Endonezyalı bazı arkadaşlarla sohbette de
dile getirdiğim üzere burada bir hususu değinmek istiyorum. Endonezya’nın
klasik modernleşmeci kalkınma hamlelerine değil, temelde sürdürülebilir
politikalara ihtiyacı var. Dikkat edin, yukarıda dikkat çektiğim ‘yolsuzluk
ekonomisinin’ varlığını sürdürmesindeki faktörlerden biri sürdürülebilir
politikaların olmamasıdır. Bunu söylerken, yolsuzluk ekonomisinin aktörlerinin
bu süreci baltalamaya yönelik aktif veya aktif olmayan yönlendirmelerinin de
payını unutmamak gerekir.
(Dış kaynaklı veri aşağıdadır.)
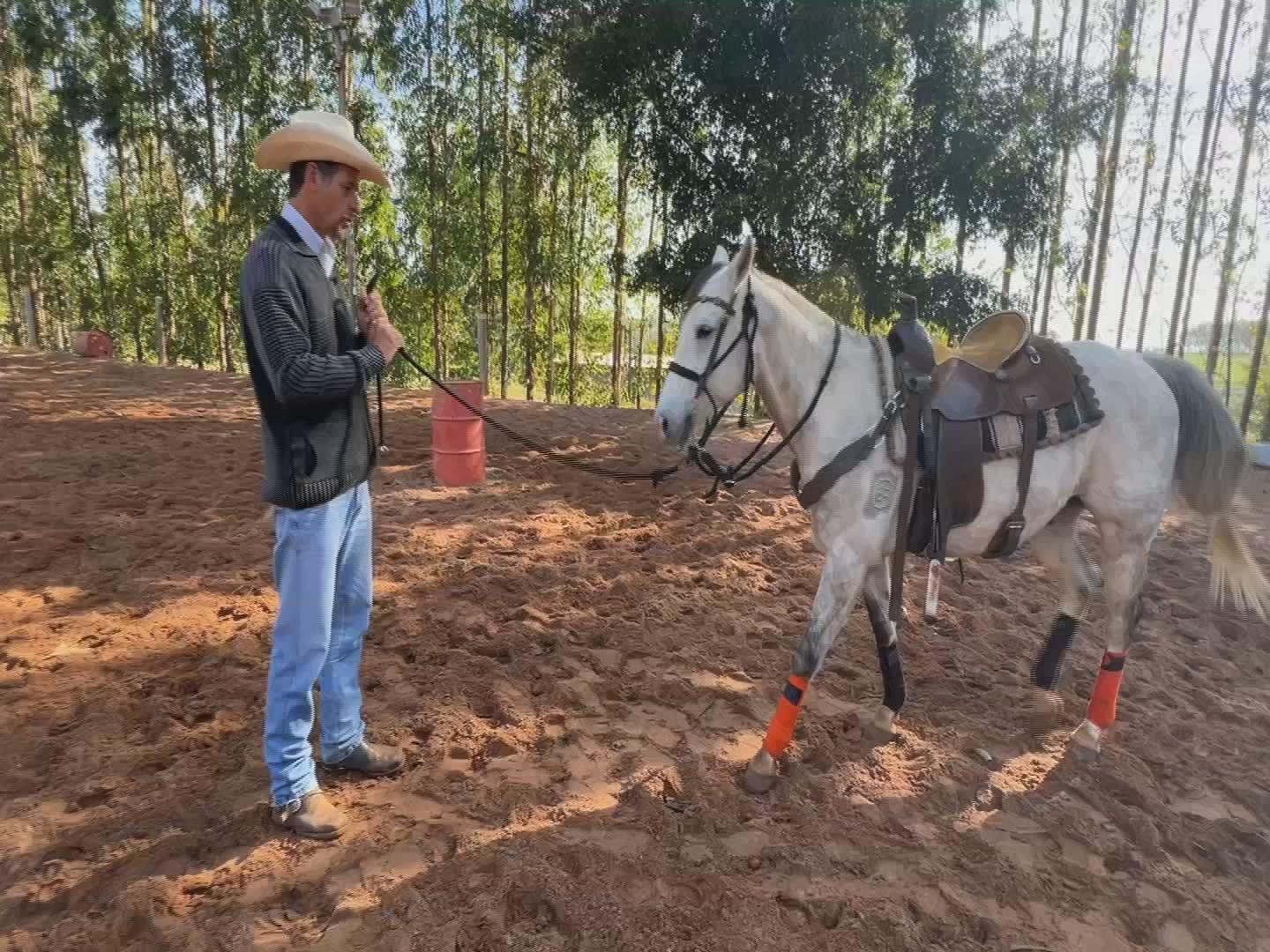 Você Não Tá Convidada pro Meu Bat Mitzvá!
Dolayısıyla bugün Endonezya’nın dört bir köşesinde yer
altı ve üstü potansiyeliyle dikkat çeken bölgelerinde kalkınma hamlelerinin
yerel halkın sosyo-ekonomik refahına yönelik yapılanmalarla ortaya konması
gerekiyor.
Burada belki şu örneği vermekte fayda var.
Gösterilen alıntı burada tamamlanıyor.